Widely reported by the press, the Exodus saga caught the imagination of the world. What began as compassion for the mass of humanity off-loaded in Haifa grew to revulsion for the British as the spectacle of Jewish victims of the Nazi regime thrown onto German soil was reported.  Whatever sympathy there remained for the British handling of their Palestine Mandate evaporated.

In all 68 ships participated in rescue efforts during the British Mandate. Many voyages, like that of the Exodus failed, however during the Mandate over 60,000 illegal immigrants were successfully transported to Palestine.
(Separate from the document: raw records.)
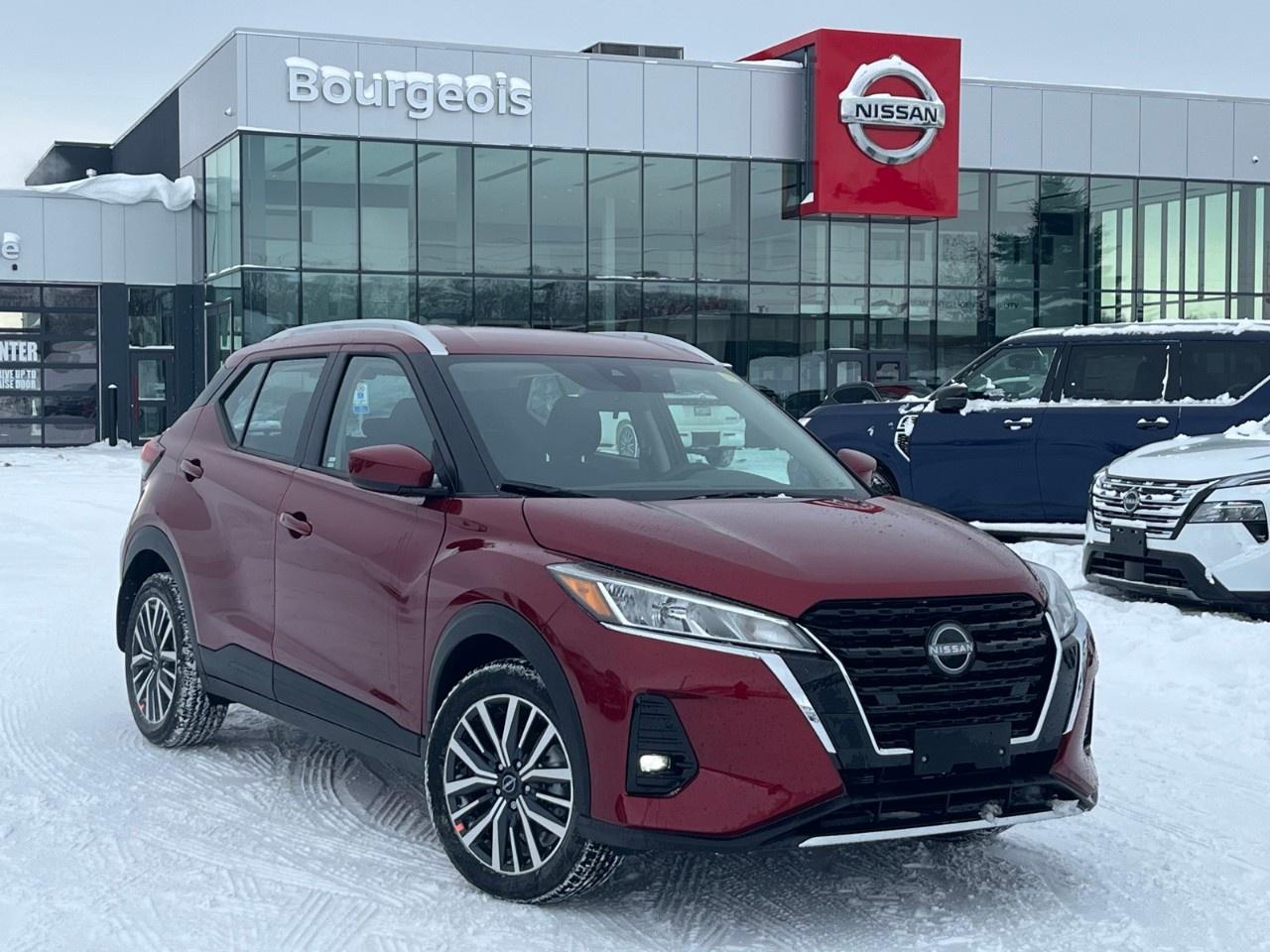 2025 Nissan Kicks Play SV FWD Photo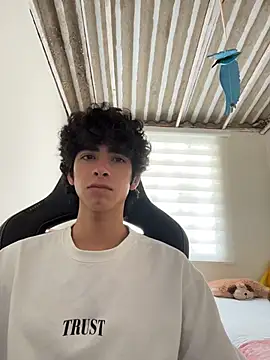 Nude Boy18 online show from 06.24.26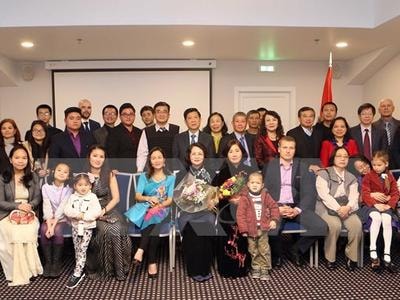 Phó Chủ tịch nước gặp mặt thân mật cộng đồng người Việt tại Latvia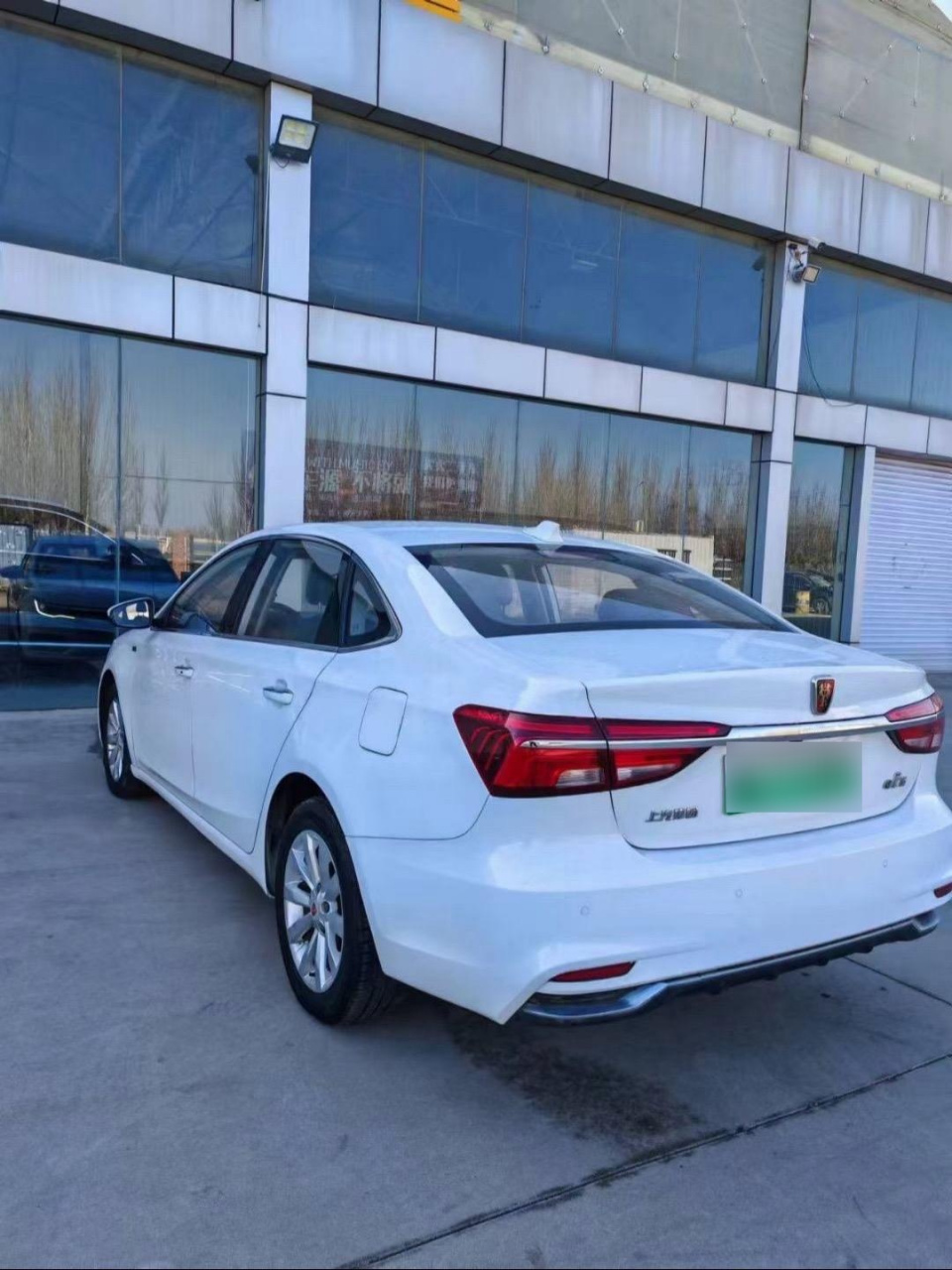 新到一批19年荣威ei6油电混动,经济省油,车况精品,可零首付购车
Following the creation of the State, most of the Exodus refugees made their way to Israel. As for the Exodus, she remained moored in Haifa harbour. Originally intended to be turned into a floating museum, she caught fire in 1952 and was towed out of the shipping area where she sank, an ignoble end to a noble ship.

The Exodus saga was a watershed moment. Standing on the pier in Haifa, part of the throng emotionally watching the plight of the thwarted Exodus passengers as the ship docked, were the Chairman and two representatives of the United Nations Special Committee on Palestine set up by the United Nations to investigate and recommend a solution to the governance of Palestine. They were pale with shock at the brutal treatment that they witnessed. The members of UNSCOP actively followed the fate of the refugees as they were deported to Germany. If that was how Britain was operating its Mandate, better to have no Mandate. Weighing heavily on the members, the fate of the Exodus refugees greatly influenced the decision reached by UNSCOP who in a majority report recommended termination of the British Mandate and the partitioning of Palestine into an Arab and a Jewish State. The General Assembly of the United Nations adopted the UNSCOP report.  On May 14, 1948 the last British troops left Palestine and the British Mandate ended. That same day in Tel Aviv, his voice amplified by a microphone, David Ben Gurion declared, “The establishment of a Jewish State in Eretz-Israel to be known as the State of Israel”.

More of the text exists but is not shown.